Drug delivery systems for macrophage- and organelle-specific targeting

The treatment of intracellularly residing pathogens is a challenge of modern medicine. These pathogens are able to hide from the host immune system by residing intracellularly in different types of endosomes or the cytoplasm thereby interfering with the immune response of phagocytic cells. Aspergillus fumigatus is a clinically important fungal pathogen that causes severe systemic infections. Conidia of this fungus are able to survive inside macrophages for some time. In order to treat this pathogen, we have developed a strategy using drug delivery systems to overcome the cell membrane and phagosomal membrane to reach conidia residing in phagolysosomes of macrophages.
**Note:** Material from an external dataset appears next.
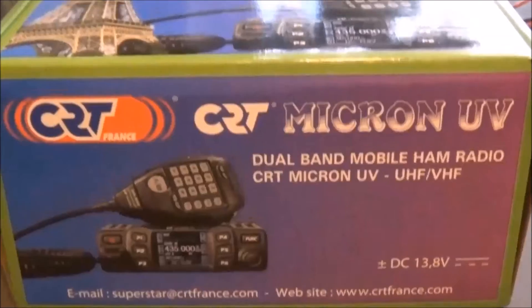With the radio I also got the software and cable. The cable goes in at the front - USB.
Here, we provide evidence that targeting of intracellular conidia is possible with polymeric particles of 800 nm size. These particles were fluorescently labeled and their uptake by infected macrophages was studied. Particle delivery to conidia-containing phagolysosomes was confirmed by different microscopic methods and the generation of transfected cell lines. Targeting occurs by fusion of phagolysosomes containing conidia with phagolysosomes containing the particle, as it was demonstrated by presence of phagolysosomal markers on phagosomes containing both conidia and particles. In order to enhance the fusion frequency, several compounds were tested that affected the lipid composition of the phago(lyso)some and its maturation. Based on these proof-of-concept results, smart drug delivery systems carrying antifungal activity were developed. In a first step, macromolecules such as polymer-caspofungin conjugates were generated. They showed antifungal activity as macromolecule, although the drug was not released. By comparison, drug release was demonstrated with a polymer-voriconazole conjugate, linked by a cathepsin B-sensitive peptide. Taken together, this thesis demonstrates the potential of drug delivery systems to target intracellularly residing pathogens in macrophages with antibiotics.